At one point during rounds, I stuck behind to stay with one starving boy my own age. Looking at him with his eyes closed, his breathing heavy, I realized that some people must arrive at the brink of death like this all the time and have to choose whether it is best to keep fighting or just let go. It appeared illness is sometimes an obstacle just too great to overcome in the minds of those who experience it every day.
Most patients I saw, however, demonstrated incredible perseverance. In a leprosy clinic, one surgeon had us examine a leprosy patient whose fingers had become shrunken and clawed by the disease. As I reached out to feel her hands, she displayed a sorrowful look, immediately reminding me of the woman I had seen my first night in Mumbai.
"I have great pain here," she said, pointing to a spot on her palm.
"I know," I said, "Does it hurt anywhere else?"
"But it will be alright," she interrupted me. "Someday my hand will be better."
How could she be so hopeful?
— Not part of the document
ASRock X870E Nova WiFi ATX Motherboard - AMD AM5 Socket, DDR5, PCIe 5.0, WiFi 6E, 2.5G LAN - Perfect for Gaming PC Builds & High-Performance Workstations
Here was a woman whose arms had been completely disfigured by leprosy. In addition to her physical ailments, she also woke up each morning in a state of extreme poverty with the understanding that her condition would continue to worsen if left untreated. The burden of unforeseen tragedies was against her in every way, yet she utilized the spirit of hopefulness. I realized that the most powerful medicine she could receive at that point was hope itself. Without the prospect for recovery, she held tightly to the notion that she would one day be healed, and that mentality was keeping her alive.
I attempted to foster that type of life-affirming optimism in my personal interactions with different patients. In conditions where limited medical supplies existed, it was perhaps the only thing I could have done.
Although the impact I made in these people's lives was probably minimal, the opportunity I was given to witness limitations in medical treatment sparked my commitment to make a change. I may never know why people must be forced to beg for food or why people suffering with curable diseases must die, but I know well enough that those things can be changed for the better. Although not always evident, the dangers of starvation, illness and extreme poverty occur everywhere in world, but having seen the faces behind those tragedies has made it nearly impossible for me to turn my back on it. Whenever I hear statistics in the news about poverty and starvation today, I just remember the faces of the begging woman and dying boy. It helps me regain a sense of what those figures actually mean for people.